Formava grupo á parte frei Januario em animado colloquio com outros dois padres, tambem appensos a casas fidalgas, e igualmente fervorosos na defeza dos legitimos direitos da nobreza e abominadores dos pedreiros livres.

Mauricio, na companhia dos rapazes no terraço, entre os quaes se achavam os dois primos do Cruzeiro, tomava parte nas suas diversões, mas sem perder certo ar de melancolia, que lhe ficára das scenas da vespera.

Jorge attendia a todos, mas n'elle era ainda mais evidente do que em Mauricio a preoccupação de espirito.


Desde a vespera os dois irmãos não haviam trocado uma palavra. Gabriella notára-o, e desconfiava de que alguma coisa se tivesse passado entre elles.

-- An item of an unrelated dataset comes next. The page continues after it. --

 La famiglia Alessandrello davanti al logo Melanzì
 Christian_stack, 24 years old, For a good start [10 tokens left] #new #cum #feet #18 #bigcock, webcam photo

Não deixava porém a baroneza de desempenhar pela sua parte, com superior sciencia, o papel que lhe cumpria, como a pessoa em honra de quem tinha logar a festa de familia. Ia de grupo a grupo, tendo uma amabilidade certeira para cada individuo, e conseguindo desvanecer com as inebriantes inhalações de lisonja a superciliosa desconfiança que os seus ares de côrte da actualidade despertavam n'aquelles espiritos, escrupulosos respeitadores da côrte velha.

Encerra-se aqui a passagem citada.